# Adding Data To Datasets

This tutorial is a sequel to [Tutorial 00](Example_00_Open_Store_And_Add_Datasets.ipynb#Connect-to-store-(using-sina-local-file)) which should have been successfully ran before this tutotrial.


## Connect to store (using sina local file and asynchronous mode)


In [1]:
from  kosh import KoshStore
import os

# local tutorial sql file
kosh_example_sql_file = "kosh_example.sql"

# connect to store in asynchronous mode
store = KoshStore(db_uri=kosh_example_sql_file)

## Adding Files to Datasets

Let's search datasets containing param1

In [2]:
from sina.utils import DataRange
# We're setting a min value less than the known min, to ensure all dataset come back
datasets = store.search(param1=DataRange(-1.e20))
print(len(datasets))

In the next version the search function will return a generator.
You might need to wrap the result in a list.
  "\nIn the next version the search function will return a generator.\n"


125


Let's scan the directories and add relevant files to the datasets

In [3]:
import os
import glob
try:
    from tqdm.autonotebook import tqdm
except:
    tqdm = list

pth = "sample_files"
pbar = tqdm(datasets[:10])
for i, dataset in enumerate(pbar):
    hdf5 = dataset.name+".hdf5"
    if len(hdf5)>0:
        try:
            dataset.associate(os.path.join(pth,hdf5), mime_type="hdf5")
        except Exception:  # file already here
            pass

  after removing the cwd from sys.path.


HBox(children=(HTML(value=''), FloatProgress(value=0.0, max=10.0), HTML(value='')))

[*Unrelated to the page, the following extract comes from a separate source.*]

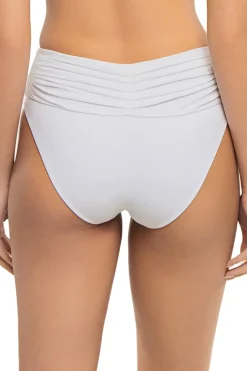 Ramy Brook High Waist|Bikinis-Ivo Ruched Bikini Bottom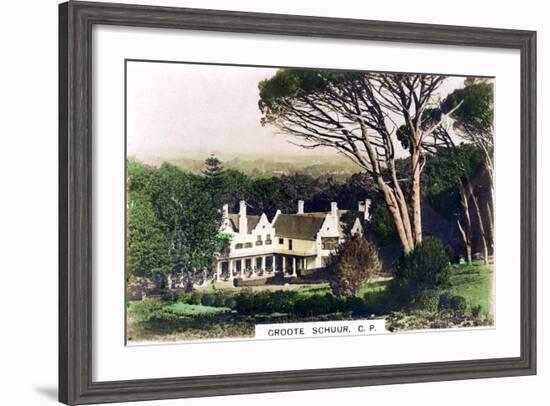 Groote Schuur House, Cape Town, South Africa, C1920S-null-Framed Giclee Print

List ids of data URIs associated with this dataset

In [4]:
dataset._associated_data_

['24a71302fcc74659a23ee37aeb12ac45']

Let's search this datasets for all data with mimetype `hdf5`

In [5]:
dataset.search(mime_type="hdf5")

In the next version the search function will return a generator.
You might need to wrap the result in a list.
  "\nIn the next version the search function will return a generator.\n"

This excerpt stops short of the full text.